Is applying to 25 medical schools enough? Applying to 25 medical schools is right in the middle of our recommended 20 to 30 schools range; it’s likely to be enough if you follow our advice on how to select the right schools.

Let’s dive in.

Consideration Factors When Creating a Medical School List

Deciding which medical school to attend is one of the most important decisions of your early career. But you don’t need to go into the application process blindly. 

How do medical schools choose applicants? Medical schools choose applicants by first assessing if the medical student has the hard skills and qualifications necessary to matriculate, like high a GPA and MCAT score, appropriate undergraduate coursework, and extracurricular activities. Once a premed candidate meets that criteria, they’re invited to a medical school interview to assess for personality and character fit aligned with the school.

How do you choose which medical schools to apply to? To choose which medical schools to apply to, you’ll need to consider a number of factors like location, financial aid, your competitive standing, interests and learning preferences. But that’s not all — find out more in the details below. 

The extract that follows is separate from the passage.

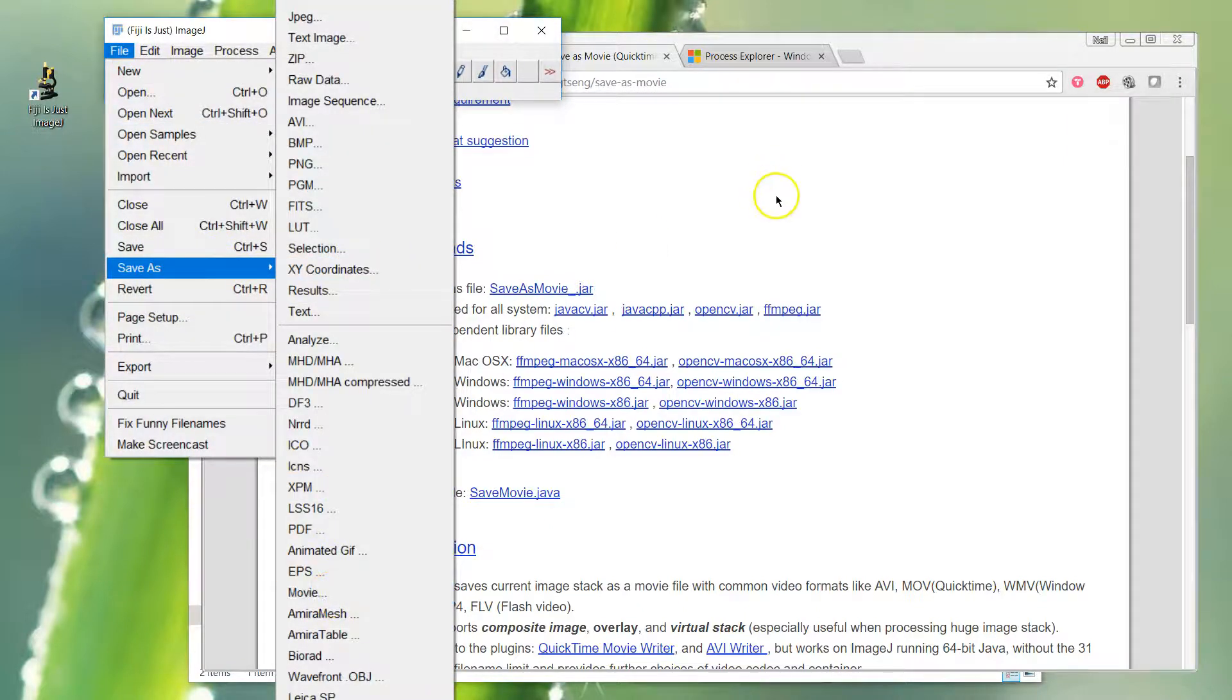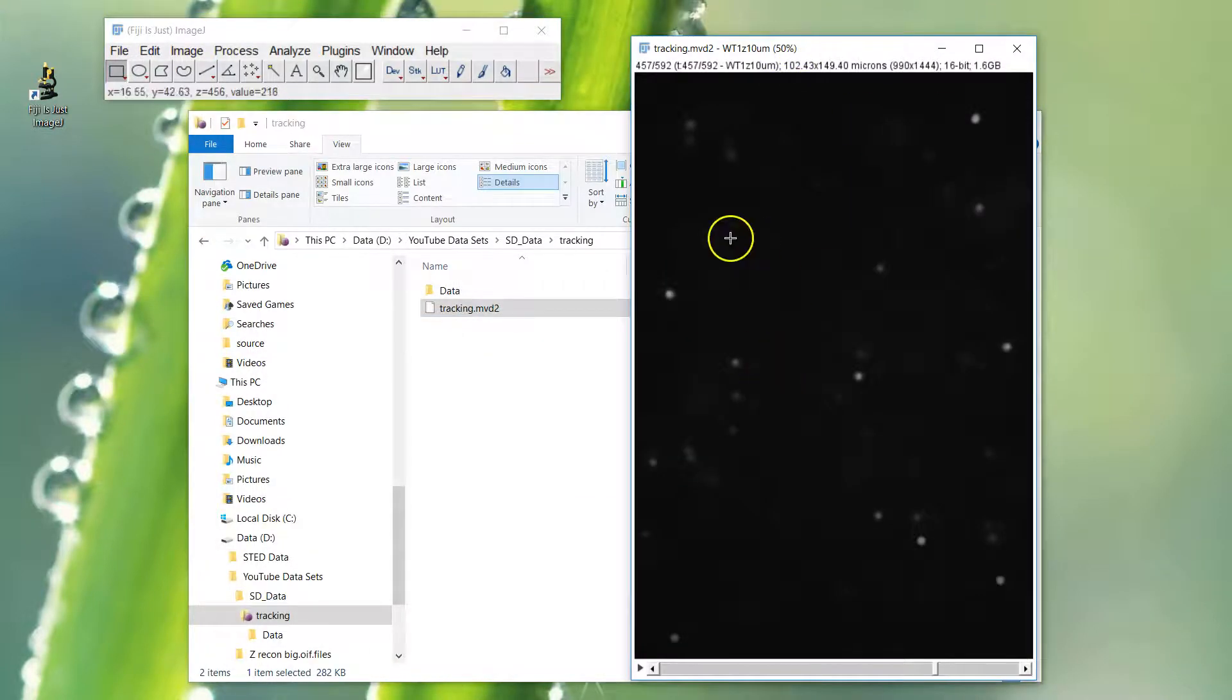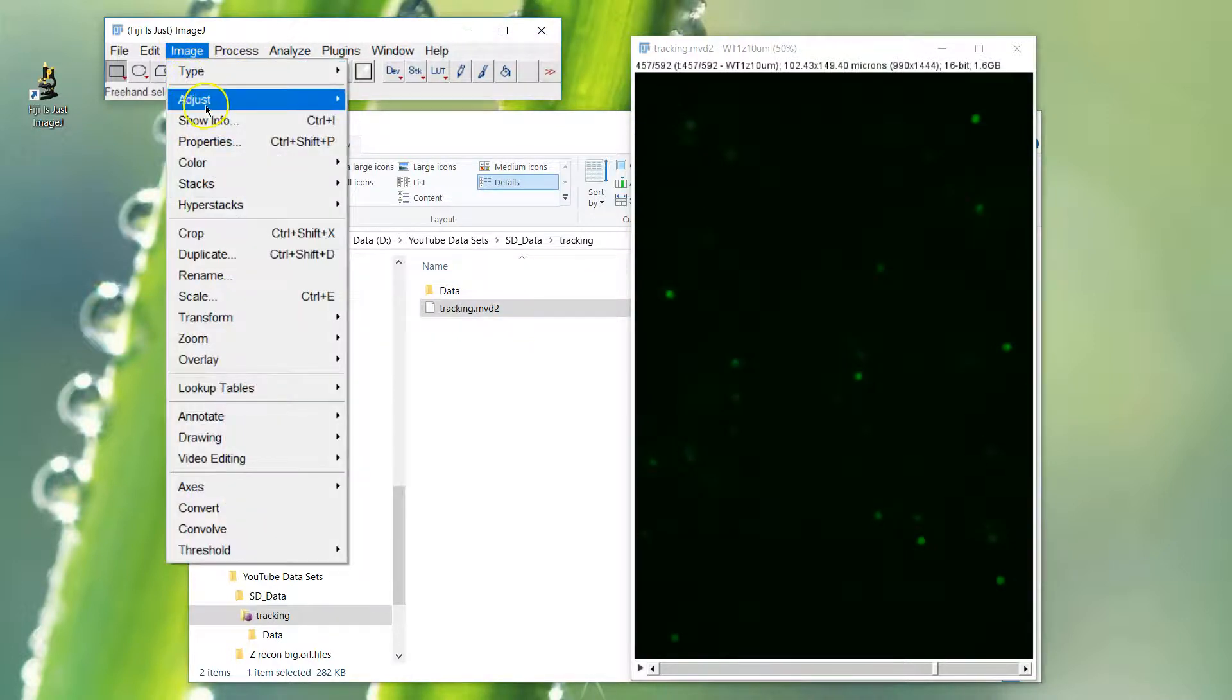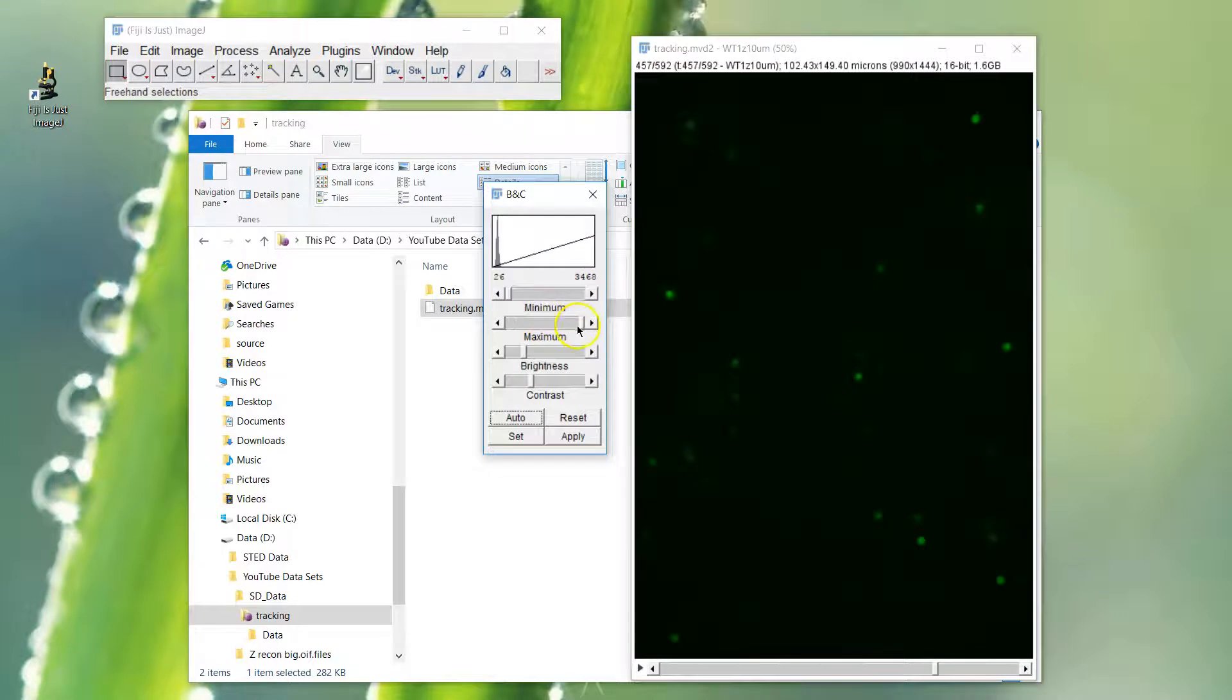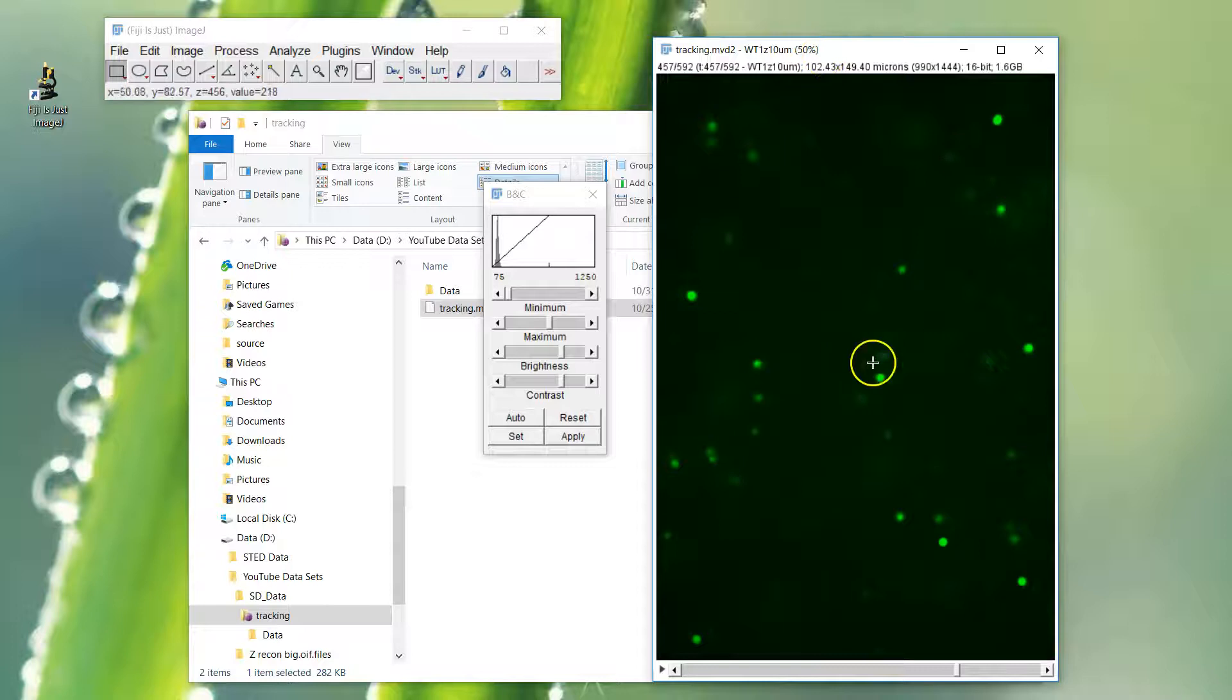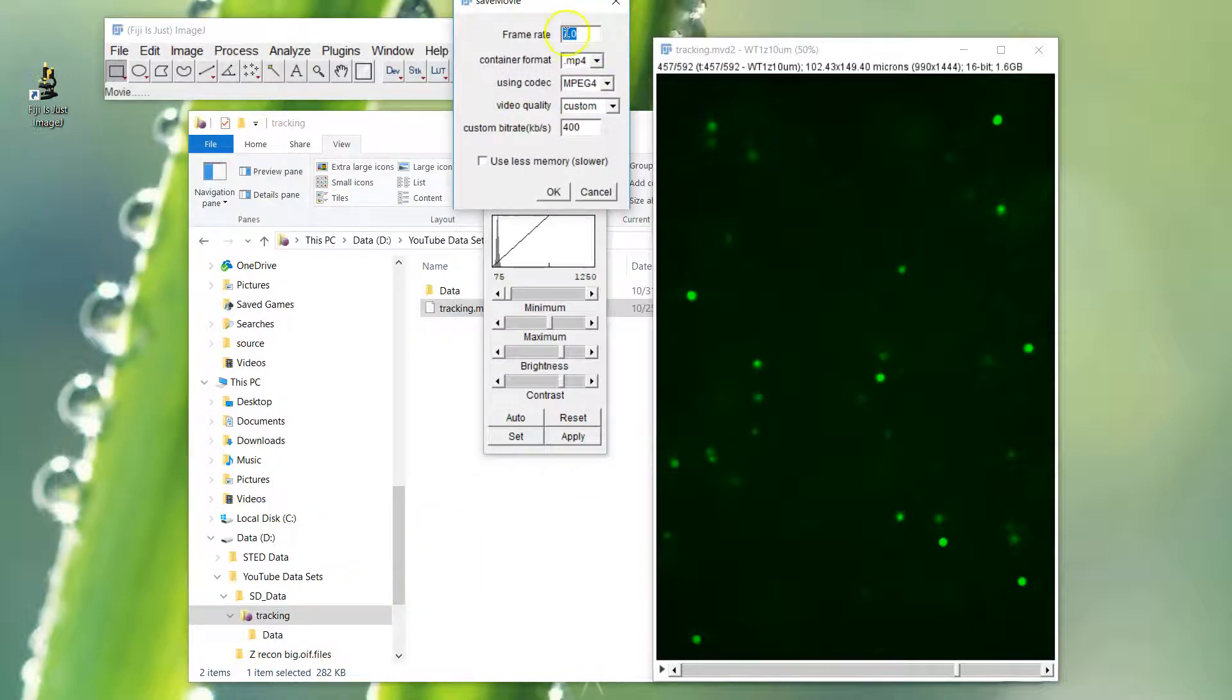Before we do that, let's just take a look at the image. We're going to change it to green and do contrast (Control+Shift+C) just to make it stand out a little bit. When you export a movie in this fashion, it will export exactly what you see on the screen.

Read Next: A Guide To Medical Schools That Don’t Require The MCAT

Competitive Standing

Competitiveness is by far the most important aspect to consider when creating your medical school list. Look at the median GPA and MCAT score of the matriculants of the school you want to apply to and see how you compare to them. Note that MCAT score percentile ranks change every year, so it’s worth finding out where you stand among other potential applicants.

One of the best ways to do that is by using ProspectiveDoctor’s Chance Predictor. Our chance predictor will help you decide whether certain schools are far reach, reach, target, undershoot, or far undershoot. Consult our Chance Predictor FAQ to learn more.

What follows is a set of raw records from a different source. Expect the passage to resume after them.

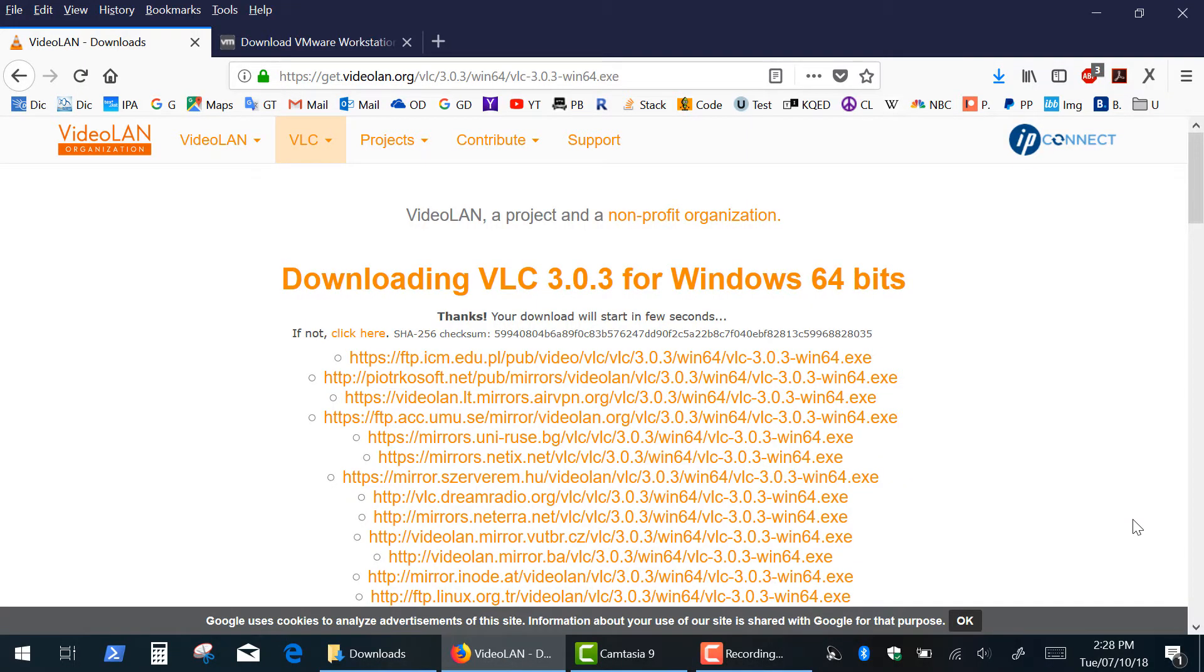Hi everyone, today we are going to be talking about a checksum and how to verify file integrity in Windows 8 and 10 using Command Prompt.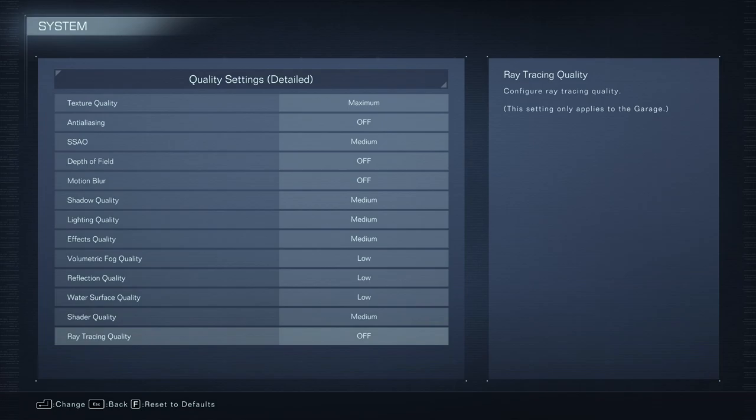So this is pretty much it for my Armored Core 6 guide. If you have any questions, just comment in the YouTube section. Post me your rig, CPU, GPU, and RAM. I will try to help you the best that I can. And don't forget to subscribe to the channel. Peace.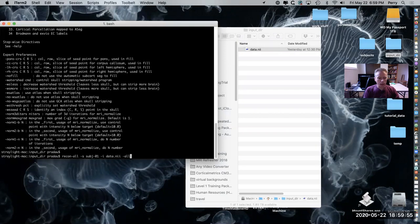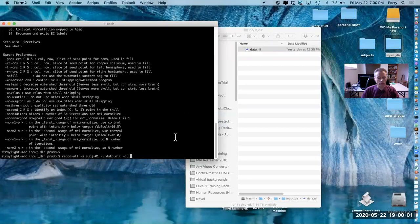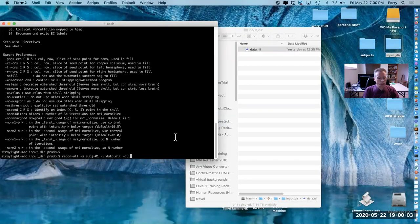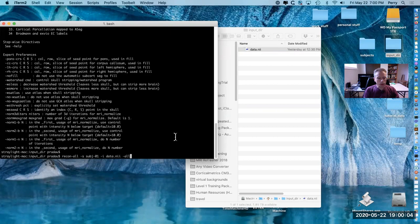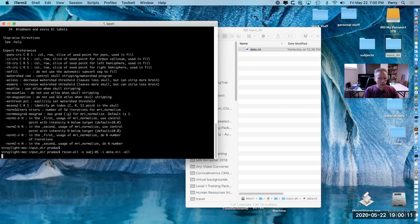The last flag that you need is dash all, and that means go through all the steps that recon-all provides. This is generally what I would use, but if you were doing troubleshooting you might only do a few of the steps rather than all of them. Let's run that.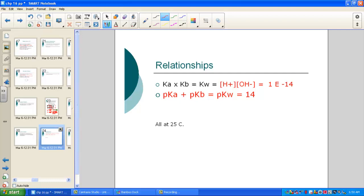Here is the formal relationship: Ka × Kb = Kw — the ion product constant for water — which equals [H+][OH−] = 1 × 10⁻¹⁴. Another way of writing this: pKa + pKb = pKw = 14. This looks very familiar — just like pH + pOH = 14. This relationship is very handy when we want to convert a Ka into a Kb or vice versa.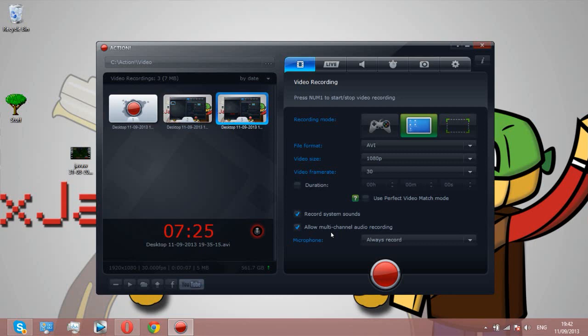If you're going to get a recording software, go for this one, it's really good. Anyway, if you enjoyed this video, be sure to rate, comment, and subscribe, and as always, have a nice day.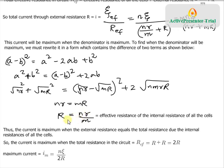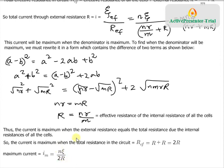Now let's find the value of maximum current when this condition is met. Substituting R for nr/m, the total effective resistance becomes R + R = 2R. So the maximum current is total EMF n·ε divided by total resistance 2R: I_max = nε / 2R. To summarize: in mixed grouping, maximum current is attained when total internal resistance equals total external resistance R, giving I_max = nε / 2R.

The Association of American Medical College’s (AAMC) Medical School Admission Requirements (MSAR) tool is also a great way to learn about each school.

You’ll also want to look at the acceptance rates when assessing whether you’ll be able to get into medical school there. But don’t be afraid to apply to a few reach schools!

|| Read more: Med School Admissions Consulting


Four years may not seem like a significant amount of time, but when it comes to your quality of life and happiness, where you live really makes a difference. Keep in mind — many students do their residencies in the same state they went to medical school. Also note that out-of-state applicants may find it tough to get into some schools.

||Read: Top 10 Out-of-State Friendly Public Medical Schools||


Medical school is expensive. If you don’t get any financial aid, you may be in tremendous debt when you graduate. The price of each school’s tuition and the related cost of living is very important.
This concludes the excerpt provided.